A variant of merge sort called a-to-b merge sort(A,low,high)always divides the unsorted segment of the array A from the index low to high in the ratio a:b instead of making 1:1 division.Compute the time complexity of a-to-b merge sort. I tried to solve and obtained this: T(n)=aT(n/b)+O(n).By master theorem, A)If a>b T(n)=O(n^(loga/logb)(B)If a=b T(n)=O(n^(loga/logb)*n)(C)If a<b T(n)=O(n^(loga/logb)Is this solution correct?
To make the math easier, instead of thinking of an a:b ratio for the split, let's suppose that you have a fractional split that puts an ε fraction of the elements in one subcall and the remaining (1-ε) fraction in the other. For simplicity, we'll assume that 1-ε ≥ ε so that we can talk about a larger and smaller half of the array.
With this modified merge sort, there's still linear work done per call, plus the work required to do two recursive calls, one on εn elements and one on (1-ε)n elements. This means that we have the recurrence relation
T(n) = T(εn) + T((1-ε)n) + O(n)
So what does this recurrence solve to? Well, there are a few different ways we can think about this. I think the easiest option would be to imagine a recursion tree and to count the work per level.
Imagine we have a really large n and think about what shape the recursion tree will take. At the top level, we have a single call of size n. On the level below, we have one call of size εn and one of size (1-ε)n. Below that we have one call of size ε2n, two of size ε(1-ε)n, and one of size (1-ε)2n. (This would be a great time to take out a sheet of paper and draw this out so that you can see what's going on - with a visual, this will make tons of sense).
This may sound Hairy and Scary, but it's actually not so bad. Remember that the work done by each call is O(n), so we can determine the work per level by summing up all the work done by all the calls in each individual layer of the tree. The top layer has one call of size n, so there's O(n) work done.

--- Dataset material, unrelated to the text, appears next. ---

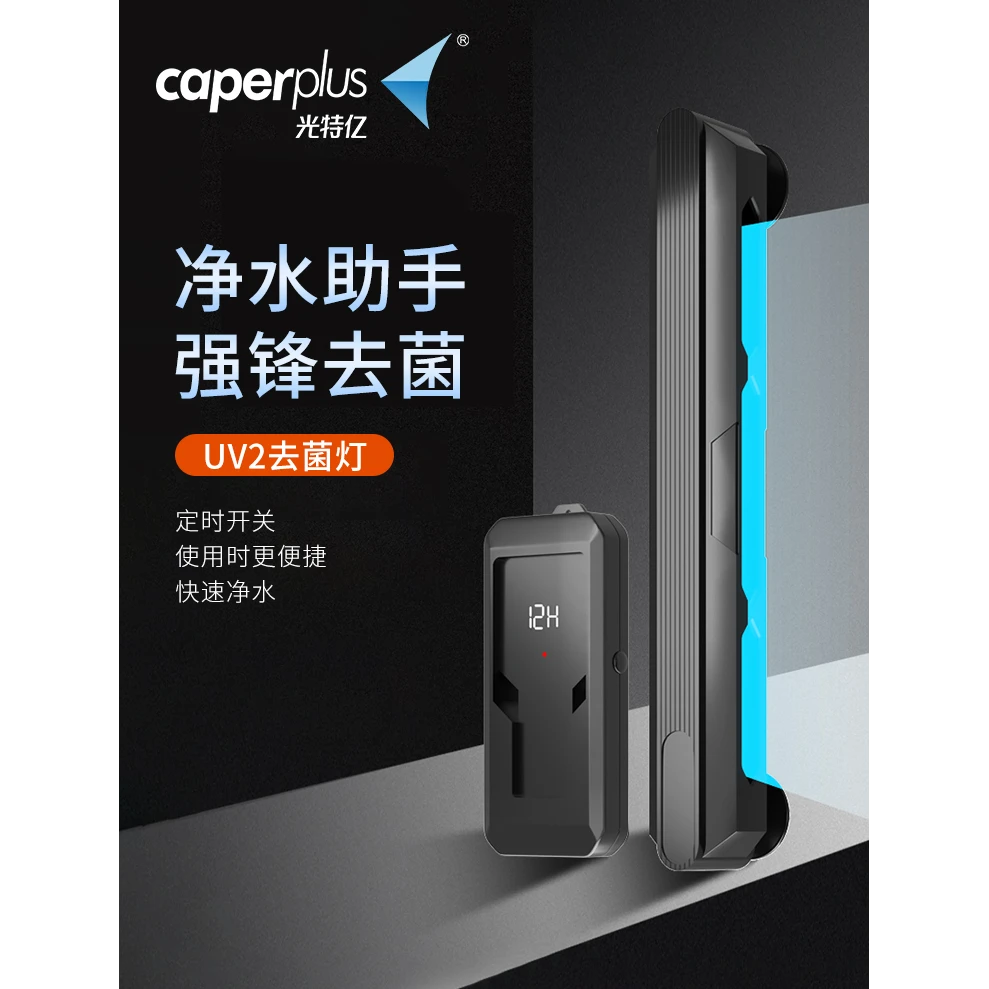 caperplus/光特亿UV2紫外线杀菌灯鱼缸专用消毒除藻杀菌净水灯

If you sum up the sizes of all the calls in the second layer, you'll see that it works out to n as well, so the total work done in that layer is O(n). The math is a bit harder in the third layer, but the size of all the calls also works out to n, so O(n) total work is done in that layer as well. (Again, check this on your own to confirm you see why!)
Turns out that this isn't a coincidence. Notice that each recursive call splits the array cleanly into two pieces and recurs on each individually, so as we go from one layer to the next, the total sizes of the arrays in the sub calls should always total n. (Well, mostly. Eventually the arrays get so small that the recursion bottoms out, but more on that in a minute). That means that we're doing O(n) work per level, so the total work done is going to be O(n) times the number of layers. So what's that?

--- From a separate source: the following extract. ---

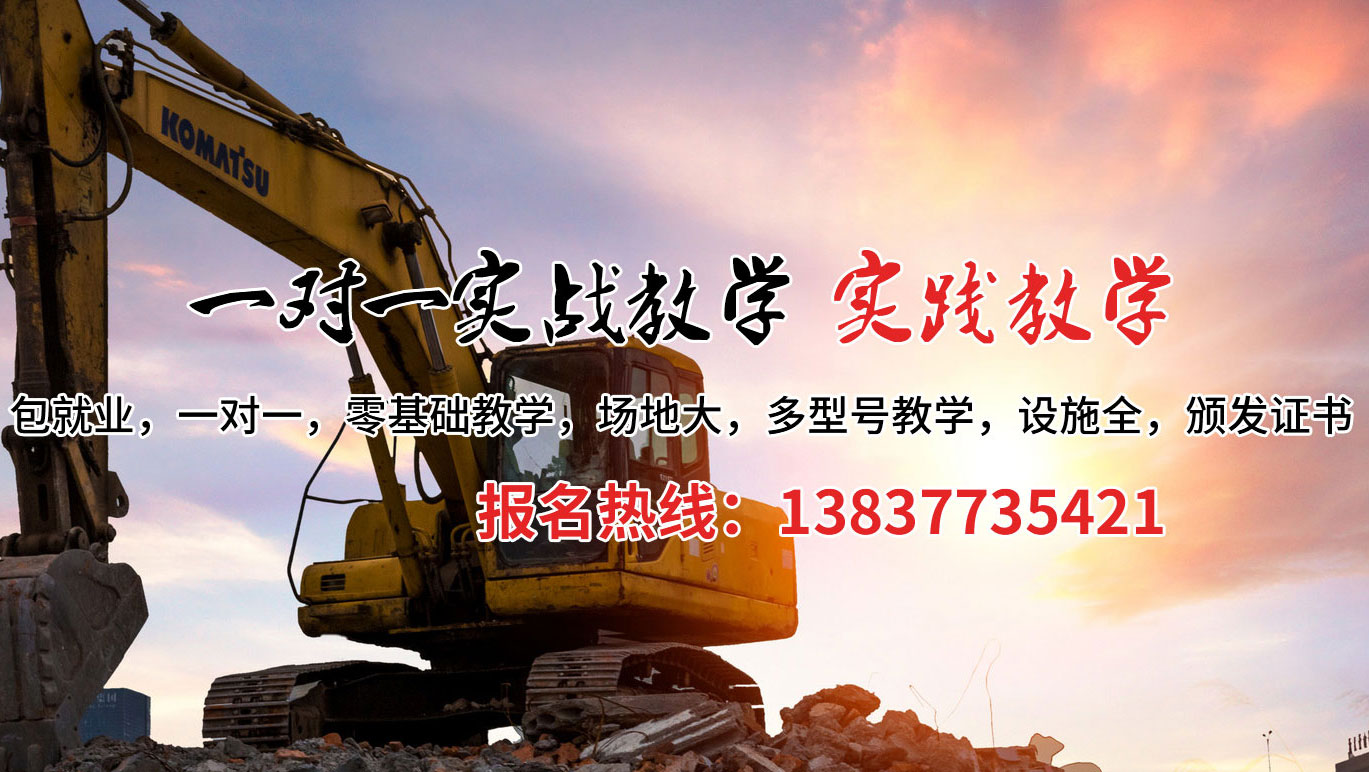 神木县挖掘机培训案例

Well, as with many divide and conquer algorithms, notice that in this algorithm, the size of each subarray is always a constant fraction smaller than the original array. Whenever you see this pattern, you should quickly jump to the conclusion that after O(log n) steps, the array shrinks to size one and we're done. Why? Because if you repeatedly divide by a constant, it takes O(log n) iterations to shrink to size one.
Overall, this very rough analysis tells us that the runtime should be O(n log n): O(n) work per layer and O(log n) layers.
Now, there are some concerns to watch for here because the recursion tree has a slightly weird shape. Specifically, since the split isn't balanced, the tree will not be a complete binary tree, with the branches that shrink by a factor of ε bottoming out before the branches that shrink by a factor of (1-ε). This isn't a problem, though. If we pretend that all of those missing calls still happen anyway, we end up with an over approximation of the total work done, so our O(n log n) bound at worst overstates the runtime. It turns out to be asymptotically tight. One way to see this is that there are O(log n) layers before the branch that shrinks by a factor of ε dies out and in the part of the tree corresponding to that region we know that O(n log n) work is done.
This looks like homework, so I'll leave as an exercise the details of filling in all the gaps and working out the base of all the logarithms. Good luck!